February 26, 2014
Amherst College is a private liberal arts college in Massachusetts that enrolls about 1,800 undergraduates. Their Archives & Special Collections houses rare books, literary manuscripts, and unique and rare materials documenting the College and its history. Its collections include many of Emily Dickinson’s original poems and letters. The Amherst College Library has been working to digitize images, manuscripts, and rare books in the Archives, and improve access to a large collection of digital images used in the teaching of art and architecture. They currently have 140,000 objects in their digital collections and they are adding up to 10,000 new objects each month.

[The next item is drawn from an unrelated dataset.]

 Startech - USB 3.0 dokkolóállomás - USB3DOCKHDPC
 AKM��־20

Fedora (the underlying digital asset management system used by many colleges) is used for archiving, storing, and managing these documents. While it has the ability to support the number of objects being stored, Fedora tends to favor object fixity checks (checksums) and XML schema validation over speedy response times. It has worked for Amherst in terms of digital preservation and metadata support, but they have run into problems with its ability to handle high levels of concurrency (such as when Bon Appétit Magazine directed users to an Emily Dickinson manuscript featuring a recipe for doughnuts: acdc.amherst.edu/view/asc:17832). They use Riak as the intermediary layer between Fedora and the web, and as a huge caching mechanism for all of their data.
Previously, they were using a PHP app that directly accessed Fedora. While this solution worked, it was resource intensive and too slow for most purposes. It also wouldn’t allow them to grow their repository at the rate needed. They evaluated a few different systems (including CouchDB and MongoDB), but found Riak’s lack of sharding made it extremely easy to scale and offered better fault tolerance than the others.

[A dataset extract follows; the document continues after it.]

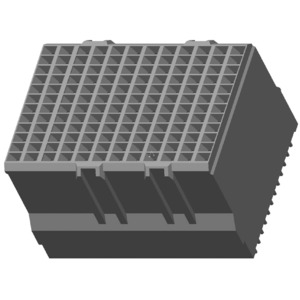 Molex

Amherst brought Riak into production earlier this year. They are storing around one million objects in Riak across four nodes. Riak unifies all of the XML- and RDF-based metadata about each of their digitized objects (such as structural metadata in RDF and descriptive metadata in MODS) and stores it in a single JSON structure. When querying, they typically utilize the general key/value lookup or run MapReduce jobs. Since moving to Riak, their entire system is now an order of magnitude faster.
“We have been extremely happy with Riak and what it provides,” says Aaron Coburn, Systems Administrator at Amherst College. “While most of the objects stored aren’t publicly available, Riak still allows us to make over 2,000 manuscripts available to the world.”